While Lawrence and David Pezzullo make the case that Nicaragua continues to suffer economic difficulties and needs our aid, unfortunately they seem to have felt a need to revise history to make their argument more sympathetic ["Nicaragua Still Needs Our Help," op-ed, Aug. 2].
Although the Reagan administration was indeed hostile to the Sandinista regime, it was Jimmy Carter who suspended economic assistance to Nicaragua because of evidence that the Sandinistas were sending arms to the rebels in El Salvador. President Carter also signed the first presidential finding to allow the CIA to begin its operations against the Sandinistas. It probably is true that U.S. hostility toward the Sandinistas strengthened the party radicals, but according to early documents, the Sandinistas intended from the beginning to become a radical regime and to export their revolution. And the Sandinistas were indeed a serious threat to their neighbors.

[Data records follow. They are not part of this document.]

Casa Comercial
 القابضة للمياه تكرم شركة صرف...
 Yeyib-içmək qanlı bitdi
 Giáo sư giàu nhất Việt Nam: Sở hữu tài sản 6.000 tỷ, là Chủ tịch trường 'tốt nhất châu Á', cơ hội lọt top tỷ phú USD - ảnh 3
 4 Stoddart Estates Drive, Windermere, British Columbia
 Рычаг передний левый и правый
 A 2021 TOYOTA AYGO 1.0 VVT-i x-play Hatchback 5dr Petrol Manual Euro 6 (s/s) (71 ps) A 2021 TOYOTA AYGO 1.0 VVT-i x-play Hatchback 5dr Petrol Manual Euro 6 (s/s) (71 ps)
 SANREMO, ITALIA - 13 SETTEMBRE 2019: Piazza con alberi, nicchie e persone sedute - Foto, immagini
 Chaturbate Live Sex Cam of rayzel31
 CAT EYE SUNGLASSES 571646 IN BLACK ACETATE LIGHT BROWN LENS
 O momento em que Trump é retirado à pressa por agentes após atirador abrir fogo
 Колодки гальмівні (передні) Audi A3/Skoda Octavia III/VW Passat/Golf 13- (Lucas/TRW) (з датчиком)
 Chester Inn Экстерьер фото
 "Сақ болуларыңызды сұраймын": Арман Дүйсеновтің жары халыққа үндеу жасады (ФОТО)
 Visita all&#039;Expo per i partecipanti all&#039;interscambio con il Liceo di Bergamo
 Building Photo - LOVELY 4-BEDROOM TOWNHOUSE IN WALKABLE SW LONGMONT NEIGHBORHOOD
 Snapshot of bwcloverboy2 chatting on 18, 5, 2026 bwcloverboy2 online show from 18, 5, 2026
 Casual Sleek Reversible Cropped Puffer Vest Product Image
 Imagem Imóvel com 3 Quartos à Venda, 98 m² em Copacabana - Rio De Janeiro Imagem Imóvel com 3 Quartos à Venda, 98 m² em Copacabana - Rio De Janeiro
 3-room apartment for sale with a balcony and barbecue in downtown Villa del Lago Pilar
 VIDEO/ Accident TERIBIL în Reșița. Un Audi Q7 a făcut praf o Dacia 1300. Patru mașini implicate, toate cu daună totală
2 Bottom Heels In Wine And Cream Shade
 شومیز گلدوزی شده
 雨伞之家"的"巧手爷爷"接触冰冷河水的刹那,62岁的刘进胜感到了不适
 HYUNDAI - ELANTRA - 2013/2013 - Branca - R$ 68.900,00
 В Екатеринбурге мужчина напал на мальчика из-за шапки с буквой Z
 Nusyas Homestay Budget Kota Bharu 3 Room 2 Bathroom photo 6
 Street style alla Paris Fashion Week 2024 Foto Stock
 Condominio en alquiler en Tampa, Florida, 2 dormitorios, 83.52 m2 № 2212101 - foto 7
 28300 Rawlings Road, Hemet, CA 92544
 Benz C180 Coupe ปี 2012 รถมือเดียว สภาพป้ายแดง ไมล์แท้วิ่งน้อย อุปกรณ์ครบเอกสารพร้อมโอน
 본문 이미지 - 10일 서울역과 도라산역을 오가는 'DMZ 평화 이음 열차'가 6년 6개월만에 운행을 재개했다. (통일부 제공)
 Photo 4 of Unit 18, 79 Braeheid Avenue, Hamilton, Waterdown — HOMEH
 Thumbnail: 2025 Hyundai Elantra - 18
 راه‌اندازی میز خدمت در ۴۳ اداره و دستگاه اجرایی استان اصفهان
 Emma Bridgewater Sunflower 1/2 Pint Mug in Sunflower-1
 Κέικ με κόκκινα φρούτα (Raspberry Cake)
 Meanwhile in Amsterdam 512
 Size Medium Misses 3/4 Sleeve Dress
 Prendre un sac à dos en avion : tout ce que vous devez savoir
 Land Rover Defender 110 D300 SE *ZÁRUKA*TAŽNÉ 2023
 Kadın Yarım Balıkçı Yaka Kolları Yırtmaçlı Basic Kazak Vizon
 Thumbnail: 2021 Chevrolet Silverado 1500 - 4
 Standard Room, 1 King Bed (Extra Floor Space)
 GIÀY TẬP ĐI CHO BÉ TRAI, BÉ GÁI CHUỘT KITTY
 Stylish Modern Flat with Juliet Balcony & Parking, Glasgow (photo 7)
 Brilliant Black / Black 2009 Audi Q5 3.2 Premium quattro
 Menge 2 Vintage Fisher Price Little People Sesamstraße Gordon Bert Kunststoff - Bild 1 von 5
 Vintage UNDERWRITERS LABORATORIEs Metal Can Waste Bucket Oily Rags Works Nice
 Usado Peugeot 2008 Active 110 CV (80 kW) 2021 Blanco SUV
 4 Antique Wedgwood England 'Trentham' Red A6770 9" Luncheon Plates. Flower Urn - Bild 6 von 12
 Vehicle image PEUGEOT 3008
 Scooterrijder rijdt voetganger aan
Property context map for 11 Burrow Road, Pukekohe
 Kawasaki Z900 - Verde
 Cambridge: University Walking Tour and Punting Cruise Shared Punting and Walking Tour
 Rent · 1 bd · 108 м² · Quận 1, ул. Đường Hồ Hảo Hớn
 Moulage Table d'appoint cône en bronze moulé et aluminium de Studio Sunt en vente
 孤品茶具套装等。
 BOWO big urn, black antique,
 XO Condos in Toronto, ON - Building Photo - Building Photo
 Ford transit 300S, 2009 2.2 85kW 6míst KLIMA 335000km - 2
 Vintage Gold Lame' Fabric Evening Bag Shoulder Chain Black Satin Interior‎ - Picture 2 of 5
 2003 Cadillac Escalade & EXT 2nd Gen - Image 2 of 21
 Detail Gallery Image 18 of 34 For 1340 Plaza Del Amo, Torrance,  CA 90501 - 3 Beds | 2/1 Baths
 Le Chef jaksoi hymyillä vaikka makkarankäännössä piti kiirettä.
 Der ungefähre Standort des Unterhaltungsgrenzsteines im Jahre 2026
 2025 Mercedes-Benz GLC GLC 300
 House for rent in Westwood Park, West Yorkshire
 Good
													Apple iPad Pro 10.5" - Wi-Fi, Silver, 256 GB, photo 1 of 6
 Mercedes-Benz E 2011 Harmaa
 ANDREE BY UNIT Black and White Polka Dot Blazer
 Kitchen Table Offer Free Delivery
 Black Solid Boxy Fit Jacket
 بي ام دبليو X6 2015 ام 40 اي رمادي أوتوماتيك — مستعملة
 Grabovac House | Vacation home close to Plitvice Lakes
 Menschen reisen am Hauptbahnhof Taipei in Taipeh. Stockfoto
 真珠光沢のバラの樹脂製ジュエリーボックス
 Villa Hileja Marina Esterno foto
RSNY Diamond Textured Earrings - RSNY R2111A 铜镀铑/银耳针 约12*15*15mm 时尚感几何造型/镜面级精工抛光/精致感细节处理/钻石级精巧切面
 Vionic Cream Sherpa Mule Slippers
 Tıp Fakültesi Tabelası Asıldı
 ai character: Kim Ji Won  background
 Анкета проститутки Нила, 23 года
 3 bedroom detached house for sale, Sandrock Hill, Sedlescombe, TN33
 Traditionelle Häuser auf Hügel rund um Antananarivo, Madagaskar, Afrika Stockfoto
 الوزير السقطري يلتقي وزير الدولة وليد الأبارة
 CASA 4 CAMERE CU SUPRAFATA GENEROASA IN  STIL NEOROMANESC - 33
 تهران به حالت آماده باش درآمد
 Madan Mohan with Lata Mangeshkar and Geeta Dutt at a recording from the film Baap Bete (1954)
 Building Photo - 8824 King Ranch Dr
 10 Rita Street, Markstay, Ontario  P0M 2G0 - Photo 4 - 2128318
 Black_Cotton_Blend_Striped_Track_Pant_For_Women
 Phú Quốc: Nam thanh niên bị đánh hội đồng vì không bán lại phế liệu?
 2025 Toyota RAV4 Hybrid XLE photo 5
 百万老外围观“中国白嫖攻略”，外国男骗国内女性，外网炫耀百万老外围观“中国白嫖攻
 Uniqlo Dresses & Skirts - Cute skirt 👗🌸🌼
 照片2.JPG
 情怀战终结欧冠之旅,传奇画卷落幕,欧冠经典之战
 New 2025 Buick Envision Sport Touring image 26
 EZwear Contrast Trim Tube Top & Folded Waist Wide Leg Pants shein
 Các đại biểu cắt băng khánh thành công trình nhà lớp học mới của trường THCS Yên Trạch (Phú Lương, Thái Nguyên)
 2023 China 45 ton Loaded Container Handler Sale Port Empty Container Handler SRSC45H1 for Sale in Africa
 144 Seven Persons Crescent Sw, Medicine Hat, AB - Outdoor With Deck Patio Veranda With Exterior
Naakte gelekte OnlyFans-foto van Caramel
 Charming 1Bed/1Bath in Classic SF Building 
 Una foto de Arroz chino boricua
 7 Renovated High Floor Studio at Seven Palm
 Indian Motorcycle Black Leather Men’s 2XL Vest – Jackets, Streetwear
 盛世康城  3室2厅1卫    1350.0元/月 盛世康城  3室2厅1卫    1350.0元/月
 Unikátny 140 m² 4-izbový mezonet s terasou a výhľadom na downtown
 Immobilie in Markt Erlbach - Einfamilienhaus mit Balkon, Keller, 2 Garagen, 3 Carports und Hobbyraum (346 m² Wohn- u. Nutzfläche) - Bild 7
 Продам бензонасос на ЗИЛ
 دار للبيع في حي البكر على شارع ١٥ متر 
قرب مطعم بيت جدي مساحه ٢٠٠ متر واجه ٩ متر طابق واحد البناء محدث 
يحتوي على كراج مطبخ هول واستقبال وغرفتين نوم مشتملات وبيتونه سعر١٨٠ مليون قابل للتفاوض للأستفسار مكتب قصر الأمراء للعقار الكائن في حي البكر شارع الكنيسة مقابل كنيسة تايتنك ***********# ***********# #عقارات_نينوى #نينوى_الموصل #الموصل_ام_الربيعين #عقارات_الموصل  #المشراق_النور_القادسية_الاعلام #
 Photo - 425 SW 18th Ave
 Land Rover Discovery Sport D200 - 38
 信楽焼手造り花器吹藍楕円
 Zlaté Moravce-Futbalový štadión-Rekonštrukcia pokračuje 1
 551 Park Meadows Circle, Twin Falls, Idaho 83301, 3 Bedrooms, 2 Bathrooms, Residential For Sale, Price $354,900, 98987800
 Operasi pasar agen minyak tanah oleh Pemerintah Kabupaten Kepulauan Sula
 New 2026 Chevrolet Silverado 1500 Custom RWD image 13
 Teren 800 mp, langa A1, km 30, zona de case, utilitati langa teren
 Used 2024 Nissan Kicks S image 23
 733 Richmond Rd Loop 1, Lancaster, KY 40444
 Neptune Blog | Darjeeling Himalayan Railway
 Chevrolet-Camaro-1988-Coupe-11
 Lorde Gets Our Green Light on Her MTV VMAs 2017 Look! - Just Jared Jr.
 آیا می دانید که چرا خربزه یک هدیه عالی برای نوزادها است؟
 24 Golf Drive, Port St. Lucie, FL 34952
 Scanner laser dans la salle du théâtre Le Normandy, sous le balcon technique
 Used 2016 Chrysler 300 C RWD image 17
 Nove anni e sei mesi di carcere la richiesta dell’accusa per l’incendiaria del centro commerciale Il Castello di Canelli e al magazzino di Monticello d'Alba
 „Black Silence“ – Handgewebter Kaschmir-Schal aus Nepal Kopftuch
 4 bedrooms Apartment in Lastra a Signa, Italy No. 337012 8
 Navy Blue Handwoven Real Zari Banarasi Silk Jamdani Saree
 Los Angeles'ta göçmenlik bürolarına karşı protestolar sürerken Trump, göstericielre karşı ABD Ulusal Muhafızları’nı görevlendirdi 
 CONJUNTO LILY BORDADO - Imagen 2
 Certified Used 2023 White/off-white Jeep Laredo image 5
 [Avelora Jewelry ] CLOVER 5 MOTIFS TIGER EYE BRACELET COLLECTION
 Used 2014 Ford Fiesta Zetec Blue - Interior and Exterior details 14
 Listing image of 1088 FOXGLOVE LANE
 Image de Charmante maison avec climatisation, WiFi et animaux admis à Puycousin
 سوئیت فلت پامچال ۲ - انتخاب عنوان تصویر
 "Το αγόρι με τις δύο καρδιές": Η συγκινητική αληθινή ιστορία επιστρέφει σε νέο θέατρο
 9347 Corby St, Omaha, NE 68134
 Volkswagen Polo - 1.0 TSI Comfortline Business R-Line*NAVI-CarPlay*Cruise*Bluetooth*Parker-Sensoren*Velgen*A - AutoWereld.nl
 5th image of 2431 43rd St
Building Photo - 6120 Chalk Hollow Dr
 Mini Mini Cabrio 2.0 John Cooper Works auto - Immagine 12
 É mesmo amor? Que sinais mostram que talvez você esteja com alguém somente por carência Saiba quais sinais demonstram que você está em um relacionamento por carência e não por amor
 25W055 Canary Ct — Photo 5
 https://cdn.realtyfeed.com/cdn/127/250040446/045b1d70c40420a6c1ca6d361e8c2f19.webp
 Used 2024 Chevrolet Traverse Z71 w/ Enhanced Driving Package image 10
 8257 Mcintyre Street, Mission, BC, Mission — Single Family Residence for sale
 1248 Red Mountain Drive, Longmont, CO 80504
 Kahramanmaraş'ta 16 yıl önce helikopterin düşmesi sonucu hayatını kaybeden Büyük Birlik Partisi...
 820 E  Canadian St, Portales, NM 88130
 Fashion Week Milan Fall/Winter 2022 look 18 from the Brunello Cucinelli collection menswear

In recent interviews on the 20th anniversary of the 1979 revolution, Sandinista leaders admitted sending thousands of Soviet arms to the FMLN guerrillas in El Salvador. The conflict caused some 80,000 deaths.
The Hondurans, our allies in the contra war, did not have their democracy undermined by siding with us in this confrontation. The first civilian president to succeed years of military dictatorship was elected in 1981, and only elected civilian presidents have served since.
The Pezzullos are correct that the ordinary Nicaraguan has been consulted little about his future, as the Sandinistas, the Chamorros and the Alemans make deals to perpetuate their own power. But that is the Nicaraguan political culture, and unfortunately, international donors have not been able to change it.
ALFRED R. BARR
CAESAR D. SERESERES
The writers served in the State Department's contra office.